No entanto, faltam dados sistematizados e confiáveis para a análise dos atos infracionais dos adolescentes. As instituições de privação de liberdade não prestam contas à sociedade sobre as medidas adotadas para reabilitar os adolescentes em conflito com a lei, tampouco do tipo de ato infracional pelo qual respondem. O fato de não julgar adolescentes como adultos não significa que a legislação atual não os puna.

A sensação de impunidade, muito alimentada pela mídia, que tende a repercutir casos excepcionais em busca de audiência, faz com que a sociedade acene positivamente para qualquer medida que lhe pareça trazer alguma proteção, sem analisar prós e contras com o devido cuidado. O que se espera ao julgar um adolescente como um adulto? A redução da maioridade penal não reduzirá a violência. Não só não vai surtir os efeitos esperados como deve produzir efeitos contrários, ao conduzir adolescentes e jovens, com chances de reabilitação, ao aprofundamento no universo do crime.

Não há evidências empíricas ou fatos que corroborem a ideia de que o endurecimento penal é eficiente como política de redução do crime. A lei contra crimes hediondos é prova disso: não diminuiu a criminalidade, apenas colaborou para a superlotação do sistema prisional.

Entre os países da América do Sul, apenas a Guiana e o Suriname permitem que jovens entre 16 e 18 anos sejam julgados da mesma maneira que os adultos. Outro exemplo são os EUA, em que apenas quatro estados têm maioridade inferior a 17 anos e, mesmo assim, só em casos excepcionais, como homicídios, jovens são julgados como adultos. A Alemanha e a Espanha voltaram atrás na decisão de penalizar adolescentes com idade inferior a 18 anos. As propostas de redução da maioridade penal que tramitam no Congresso vão, mais uma vez, na contramão do que praticam países mais avançados na defesa dos direitos dos cidadãos.

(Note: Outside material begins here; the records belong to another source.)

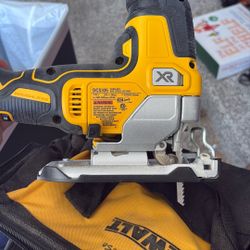 DeWalt Var Speed Jig Saw 20V DCS335 (missing battery)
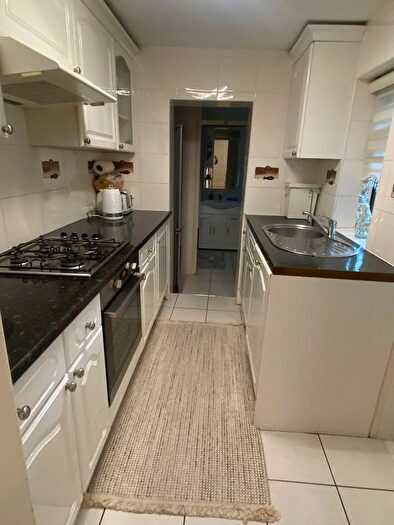 3 Bedroom Terraced House To Rent In Harman Road, Enfield, EN1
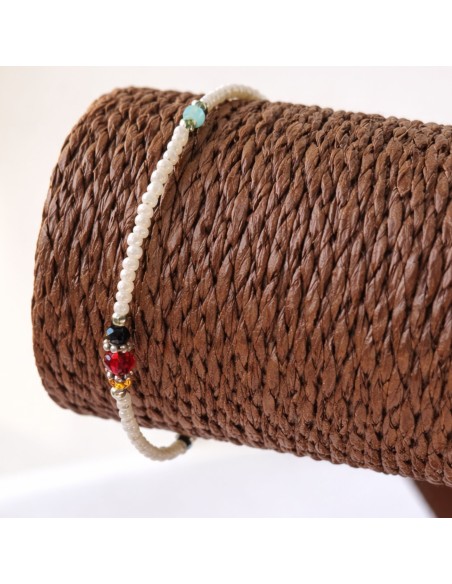 Bracelet népalais perles fines – Pureté zen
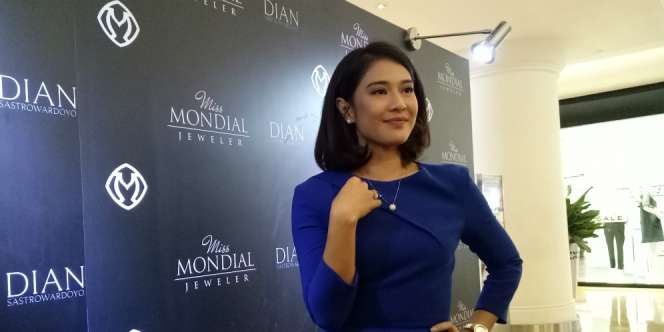 Belajar dari Mertua, Dian Sastrowardojo Koleksi Perhiasan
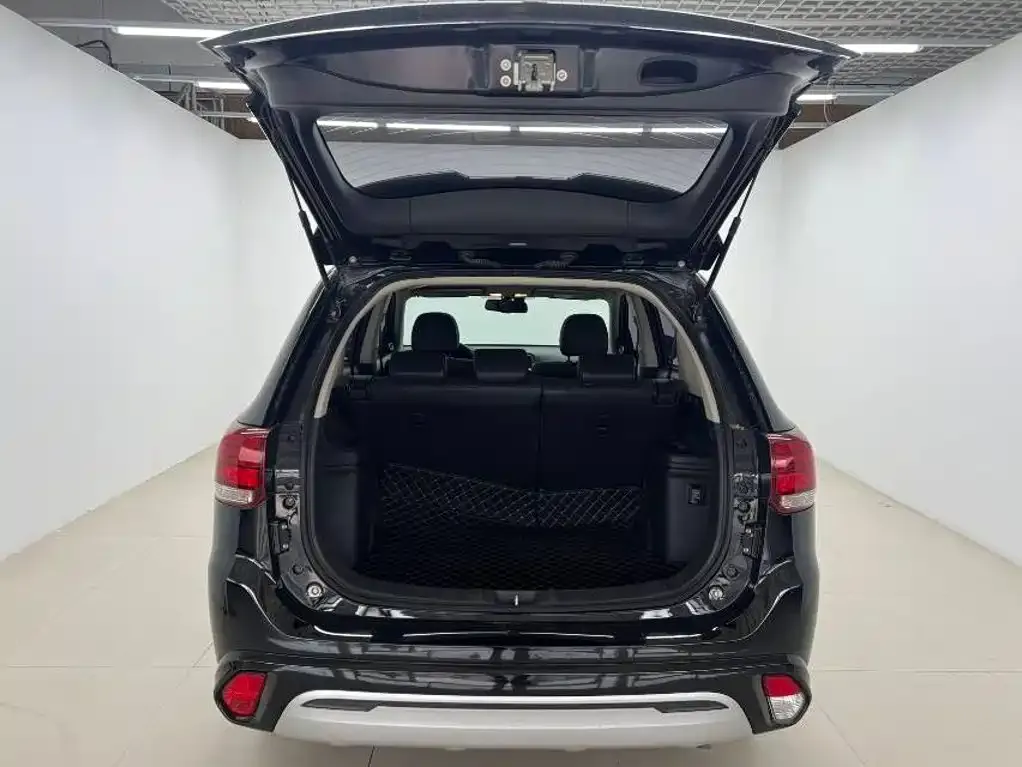 Mitsubishi Outlander — фото 5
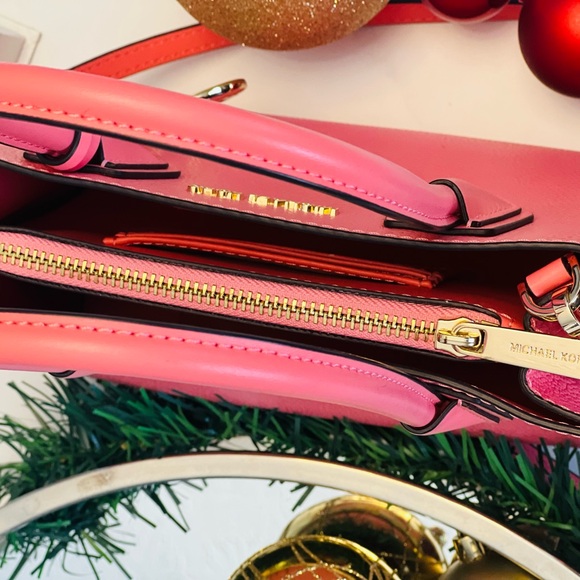 💕Michael Kors Mercer Medium Pebbled Leather Crossbody Bag💕 - Picture 4 of 5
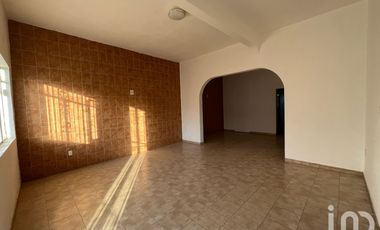 Casa en renta para área comercial en el centro de San Andrés Tuxtla, Veracruz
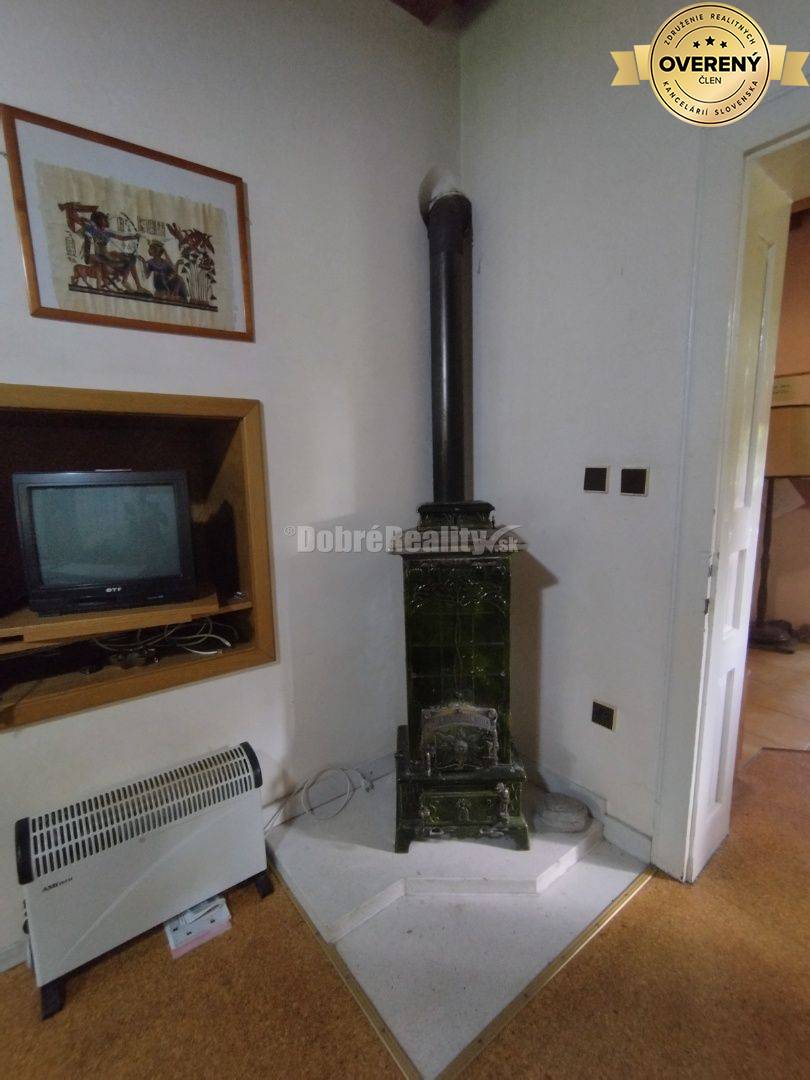 Viacgeneračný priestranný dom po kompletnej rekonštrukcii , vhodný aj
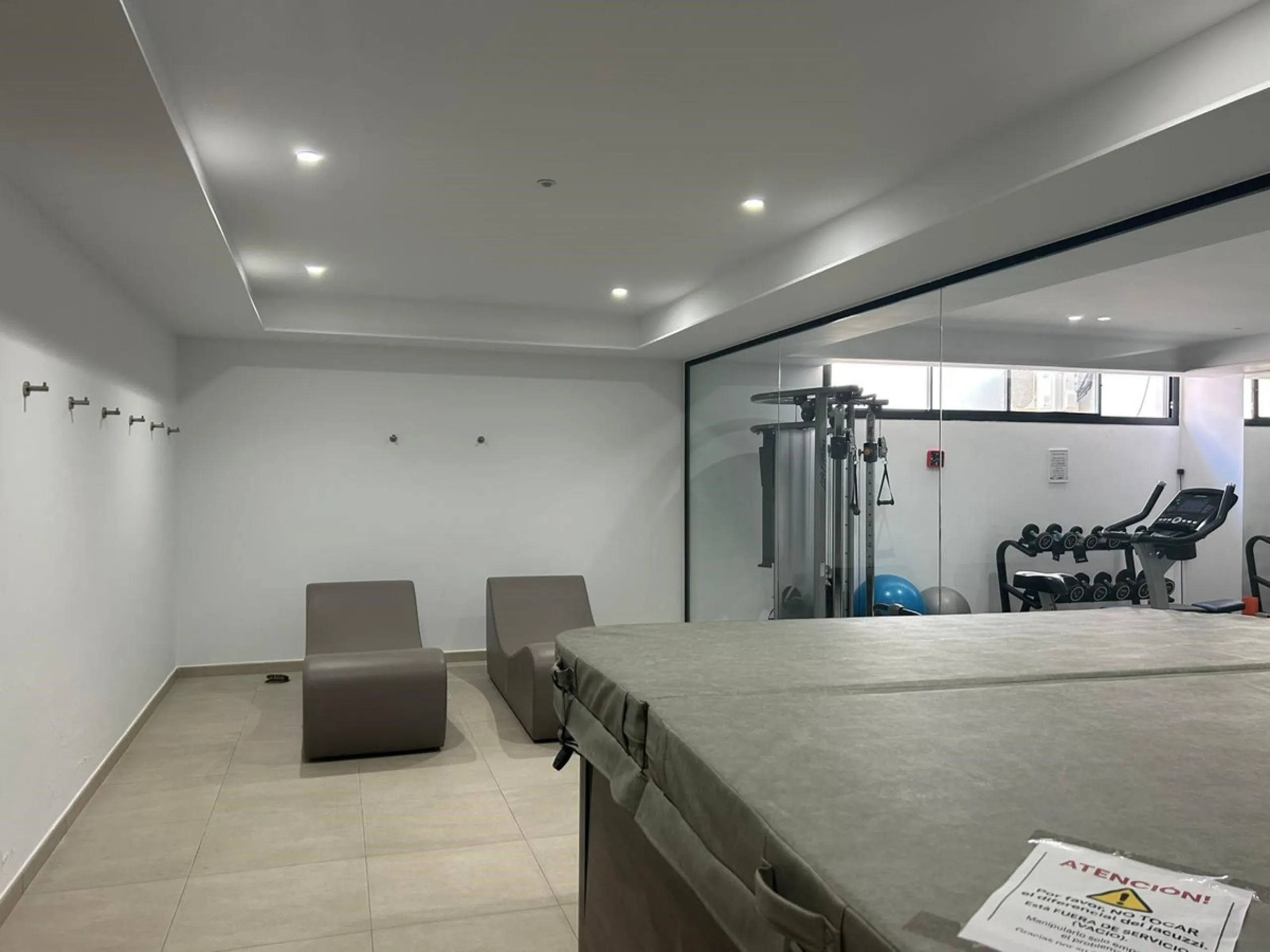 Luxurious apartment in El Campanario Hills, located in a gated community with just 29  units. The property  is near to prestigious golf courses and beaches, with easy access to Marbella and Estepona via the A7.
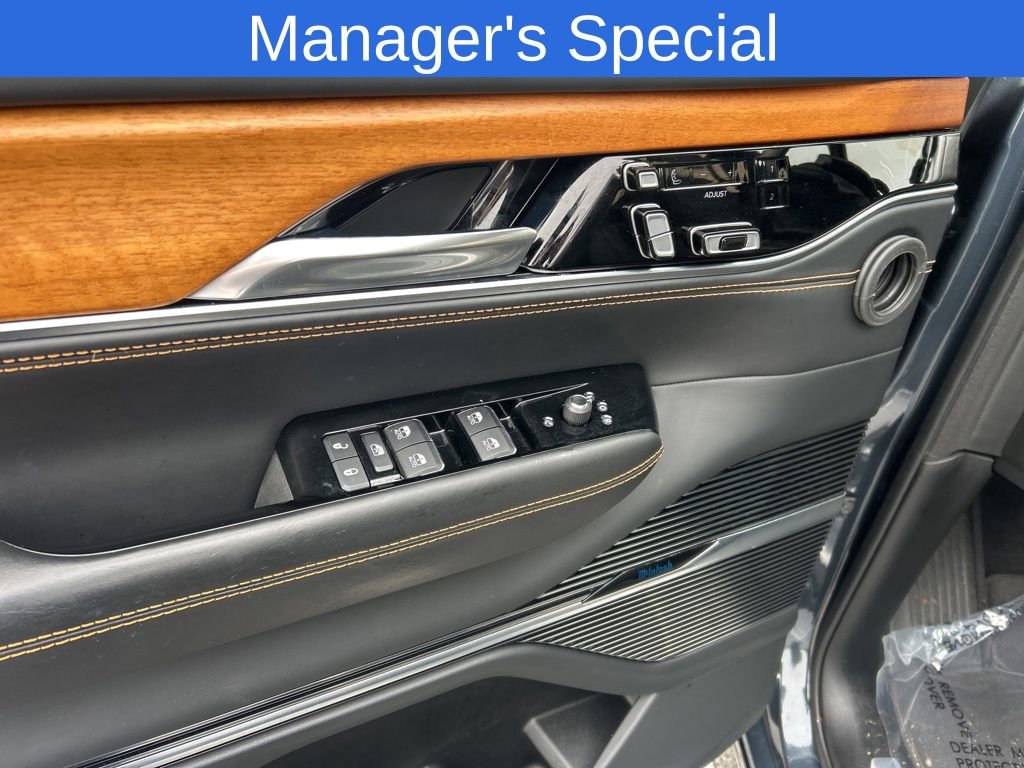 Used 2024 Jeep Grand Wagoneer Series III image 4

A demanda do cidadão por segurança pública é real e legítima, mas a redução da maioridade penal, sem o necessário aprofundamento da discussão e reflexão de seus resultados sobre uma sociedade já bastante penalizada pela violência e ausência de justiça, mais parece uma resposta para tratar o efeito, e não a causa real da violência. Mais do que atender a opinião pública em relação a ações repressivas e medidas punitivas, o Congresso deveria considerar medidas igualmente bem aceitas pela população, como a educação e formação profissional para a redução da violência, medidas alternativas para crimes menores, políticas públicas para a reinserção de presos na vida social, além de propostas de reorganização das forças policiais de modo unificado, como formas de minimizar os problemas sociais do país.

Vilma Bokany é socióloga, analista de pesquisas do Núcleo de Estudos e Opinião Pública da Fundação Perseu Abramo.